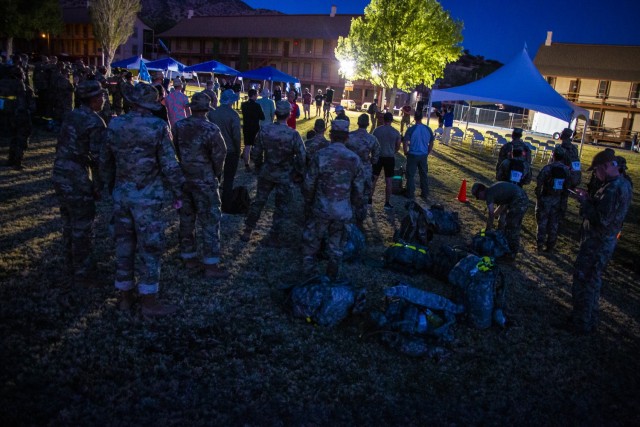 More than 250 Soldiers and civilians assembled on Brown Parade Field here beginning at 4 a.m. April 10, for the opening ceremony of the 2021 Bataan Memorial Death March sponsored by the 111th Military Intelligence Brigade and the Directorate of Family, Morale, Welfare and Recreation. The Bataan Memorial Death March is a challenging and grueling march that tests both mental and physical abilities. For the 2021 virtual experience, marchers can choose between the full 26.2-mile marathon length or a 14.2-mile honorary distance.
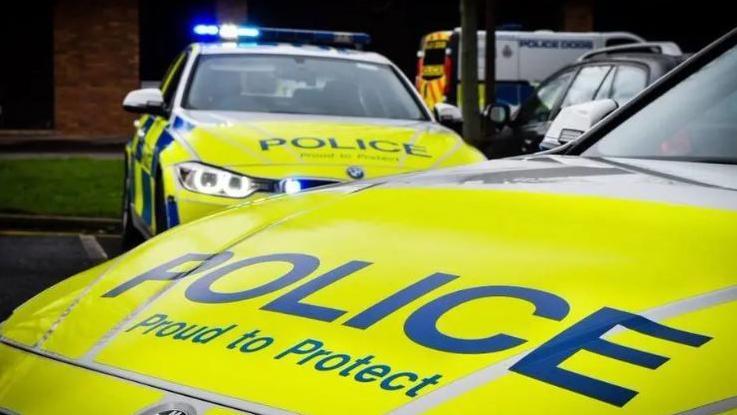 The bonnet of a Northumbria Police car emblazoned with "Police" "Proud to Protect" in the foreground. Behind it is the front of another, similar, police car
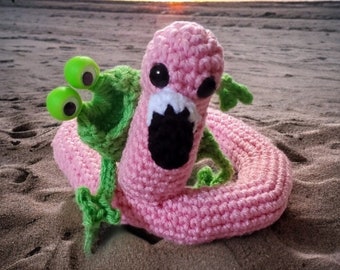 Mini frog with pink flamingo float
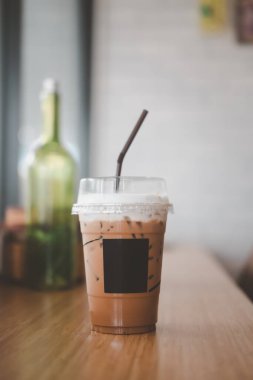 Plastik bardakta buzlu Mocha kahvesi. Kafedeki ahşap barın üstüne.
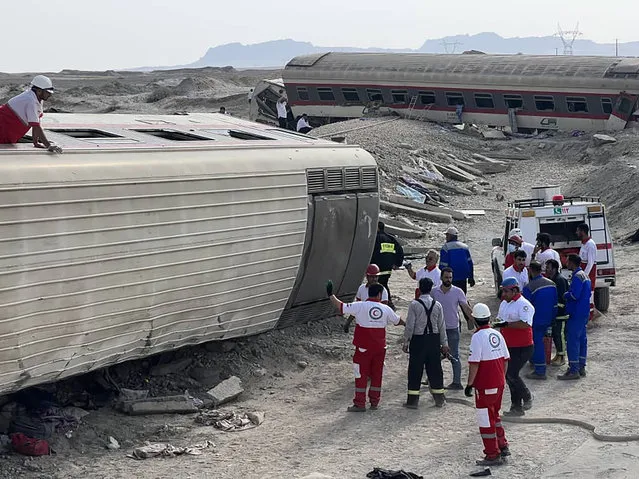 In this photo provided by Iranian Red Crescent Society, rescuers work at the scene where a passenger train partially derailed near the desert city of Tabas in eastern Iran, Wednesday, June 8, 2022. (Photo by Iranian Red Crescent Society via AP Photo)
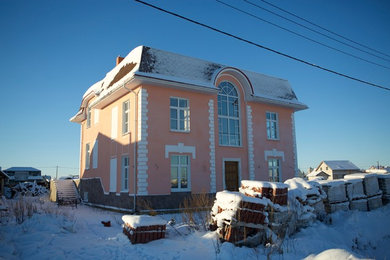 На фото: двухэтажный, красный дом среднего размера в классическом стиле с облицовкой из цементной штукатурки и вальмовой крышей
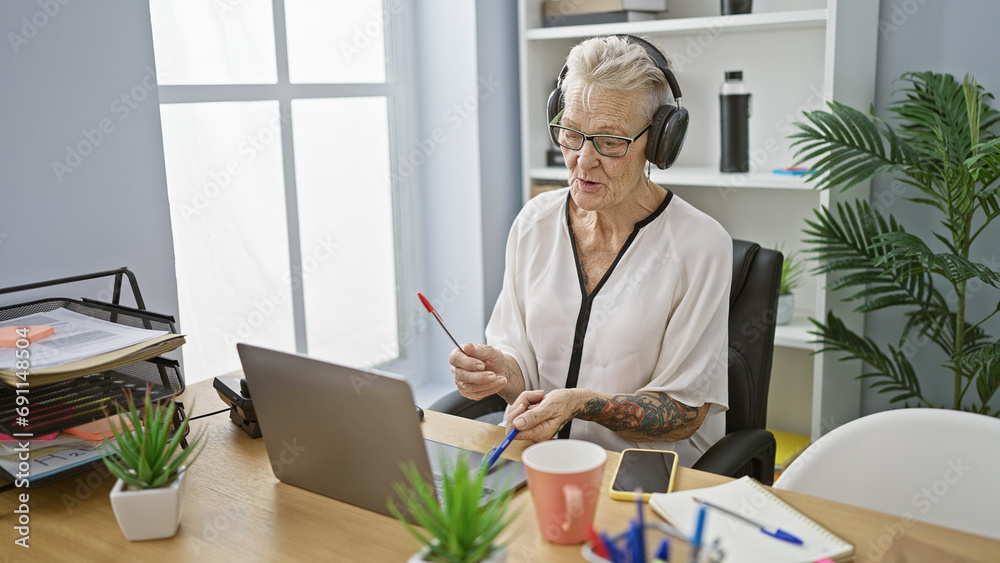 Jovial senior grey-haired business woman tapping into the rhythm at work, gleefully drumming her desk, enjoying music in office Jovial senior grey-haired business woman tapping into the rhythm at work, gleefully drumming her desk, enjoying music in office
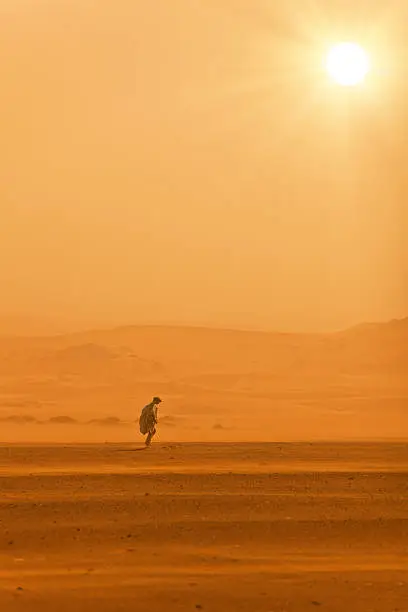 A man walks in the desert without water.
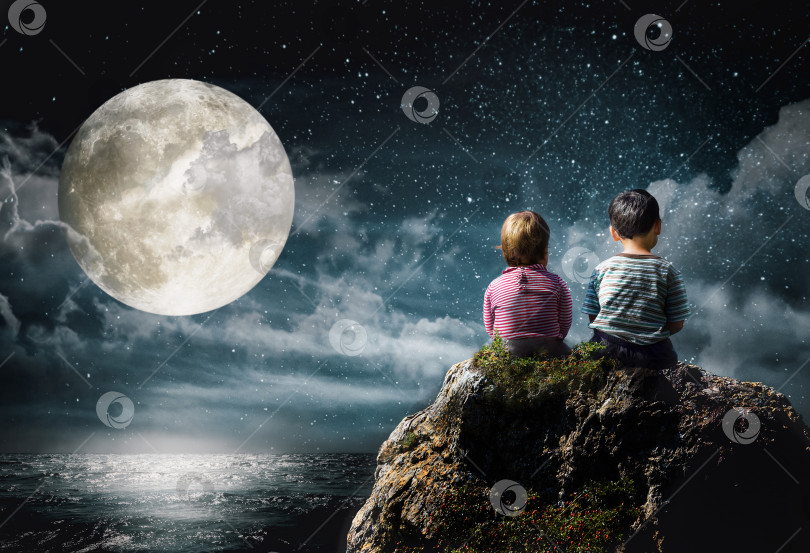 Скачать Маленькие мальчик и девочка сидят на скале над морем и смотрят на луну и звезды фотосток Ozero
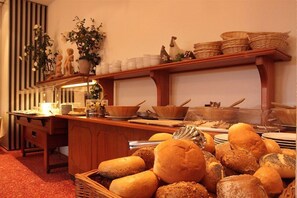 A buffet setup with bread, bowls, and decorative items on shelves. - Hotel Novum (Hinte)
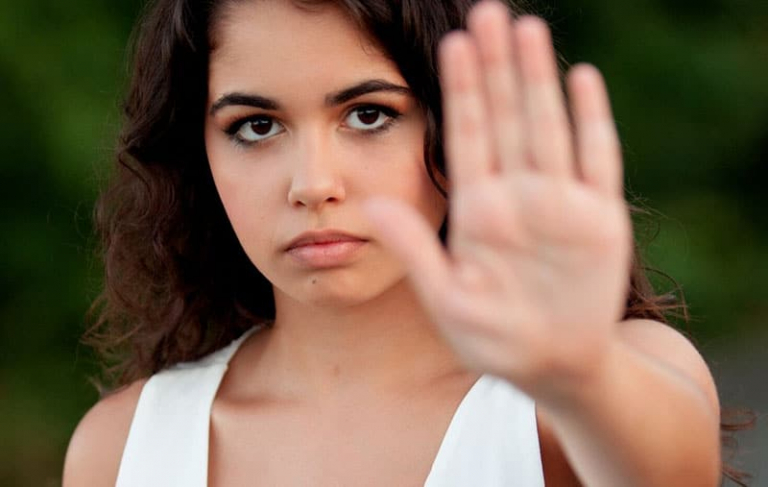 woman i white top making a stop hand gesture
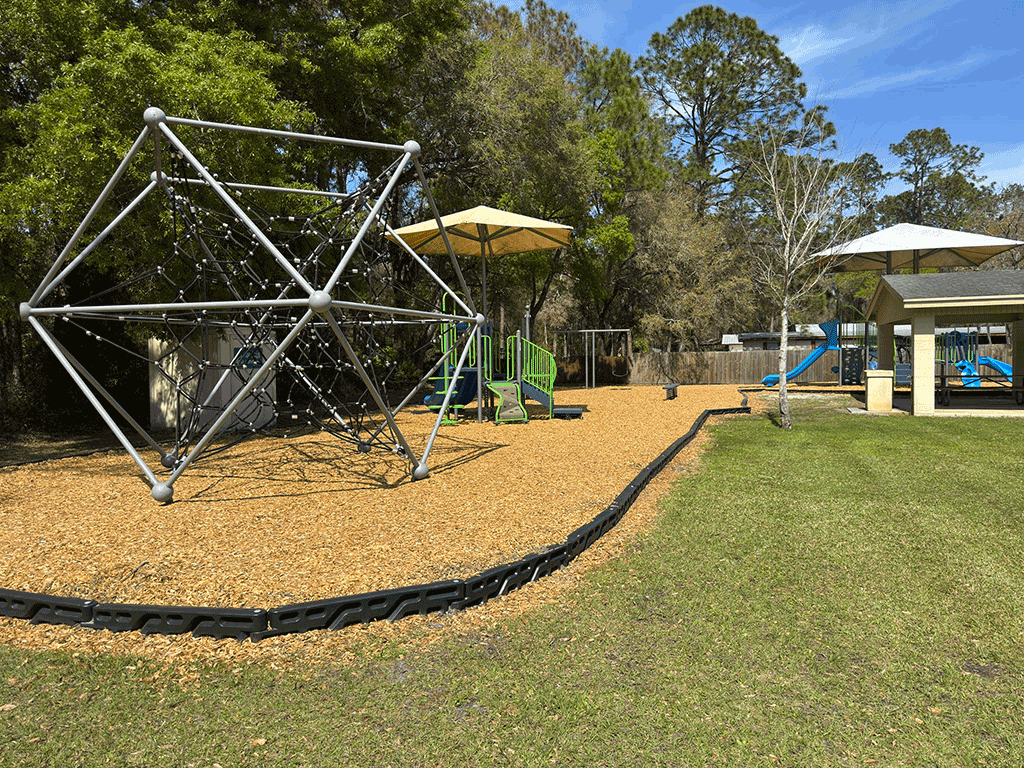 Multiple play structures on a children’s playground.
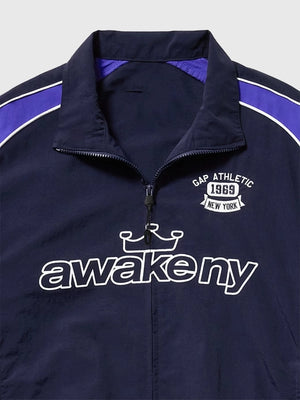 RECREATED Gap × Awake NY 2026 Oversized Full Zip Track Jacket showcasing a relaxed structure with contemporary athletic styling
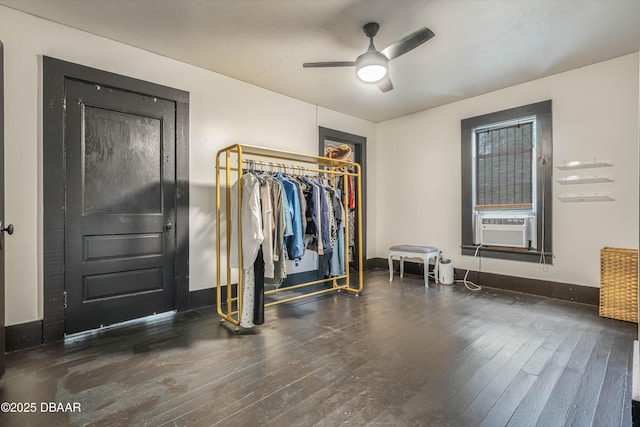 interior space featuring ceiling fan and dark hardwood / wood-style floors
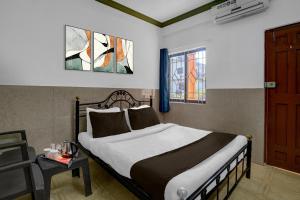 une chambre avec un lit, une table et une fenêtre dans l'établissement Hotel O Calangute Beach Road Formerly Crystal Holiday Homes, à Calangute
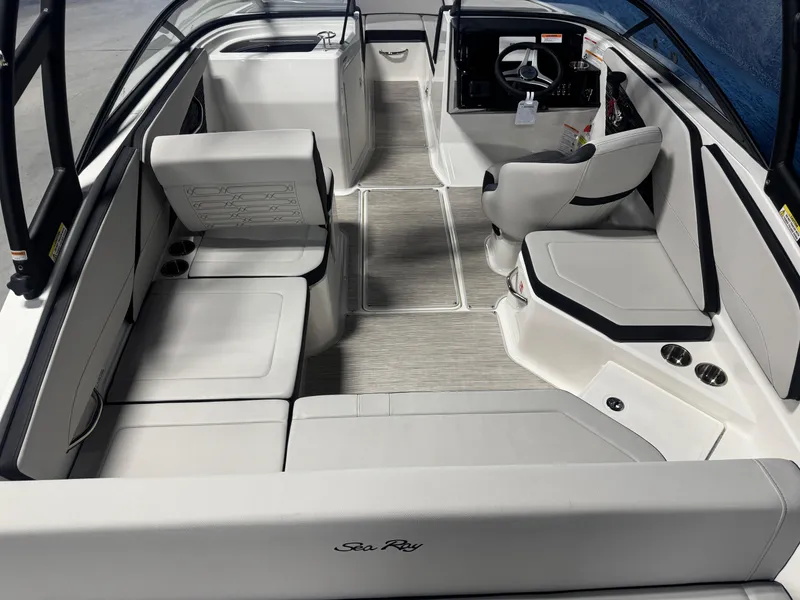 Slide: The Image of Interior of a 2026 Sea Ray SPX 210 boat with modern seating and steering console. - 7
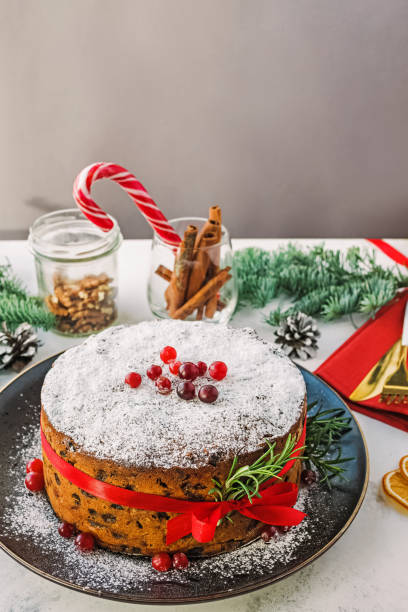 istock Traditional Christmas fruitcake decorated with red ribbon. 1430133606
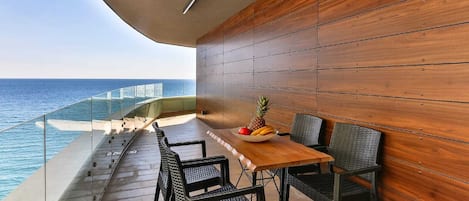 A balcony with a wooden wall, a table with chairs, and a fruit bowl.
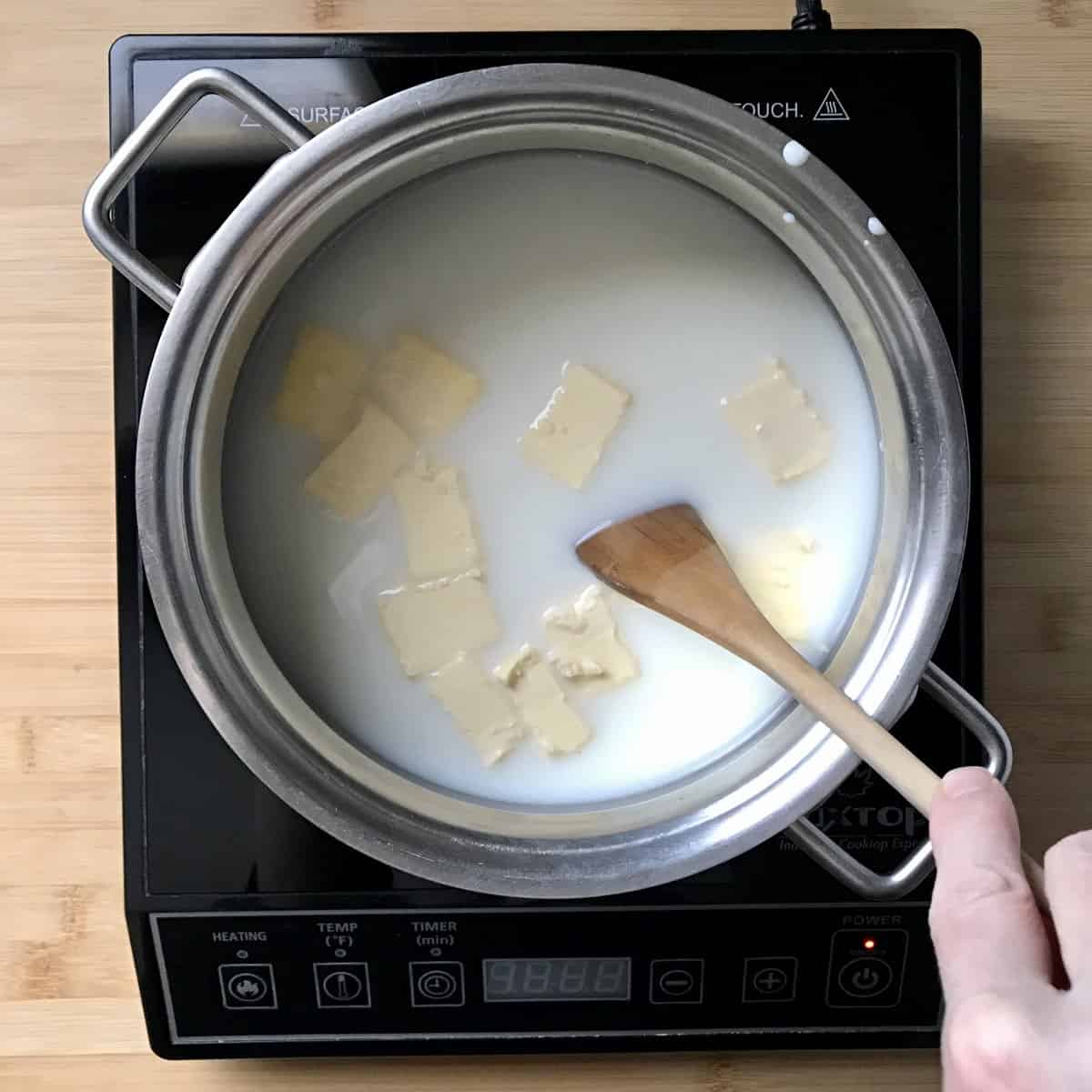 Milk, water and butter being heated in a small saucepan. 
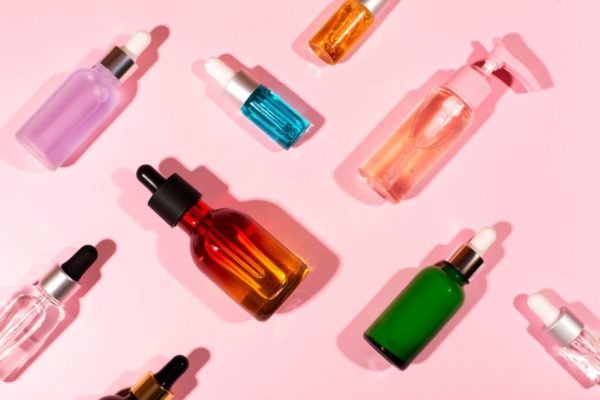 vidros coloridos de produtos de skincare em fundo rosa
▬▬▬▬▬▬
# What needs to be done
After removing the pictures, transcribe the listing above exactly.

# Answer to this task
 More than 250 Soldiers and civilians assembled on Brown Parade Field here beginning at 4 a.m. April 10, for the opening ceremony of the 2021 Bataan Memorial Death March sponsored by the 111th Military Intelligence Brigade and the Directorate of Family, Morale, Welfare and Recreation. The Bataan Memorial Death March is a challenging and grueling march that tests both mental and physical abilities. For the 2021 virtual experience, marchers can choose between the full 26.2-mile marathon length or a 14.2-mile honorary distance.
 The bonnet of a Northumbria Police car emblazoned with "Police" "Proud to Protect" in the foreground. Behind it is the front of another, similar, police car
 Mini frog with pink flamingo float
 Plastik bardakta buzlu Mocha kahvesi. Kafedeki ahşap barın üstüne.
 In this photo provided by Iranian Red Crescent Society, rescuers work at the scene where a passenger train partially derailed near the desert city of Tabas in eastern Iran, Wednesday, June 8, 2022. (Photo by Iranian Red Crescent Society via AP Photo)
 На фото: двухэтажный, красный дом среднего размера в классическом стиле с облицовкой из цементной штукатурки и вальмовой крышей
 Jovial senior grey-haired business woman tapping into the rhythm at work, gleefully drumming her desk, enjoying music in office Jovial senior grey-haired business woman tapping into the rhythm at work, gleefully drumming her desk, enjoying music in office
 A man walks in the desert without water.
 Скачать Маленькие мальчик и девочка сидят на скале над морем и смотрят на луну и звезды фотосток Ozero
 A buffet setup with bread, bowls, and decorative items on shelves. - Hotel Novum (Hinte)
 woman i white top making a stop hand gesture
 Multiple play structures on a children’s playground.
 RECREATED Gap × Awake NY 2026 Oversized Full Zip Track Jacket showcasing a relaxed structure with contemporary athletic styling
 interior space featuring ceiling fan and dark hardwood / wood-style floors
 une chambre avec un lit, une table et une fenêtre dans l'établissement Hotel O Calangute Beach Road Formerly Crystal Holiday Homes, à Calangute
 Slide: The Image of Interior of a 2026 Sea Ray SPX 210 boat with modern seating and steering console. - 7
 istock Traditional Christmas fruitcake decorated with red ribbon. 1430133606
 A balcony with a wooden wall, a table with chairs, and a fruit bowl.
 Milk, water and butter being heated in a small saucepan. 
 vidros coloridos de produtos de skincare em fundo rosa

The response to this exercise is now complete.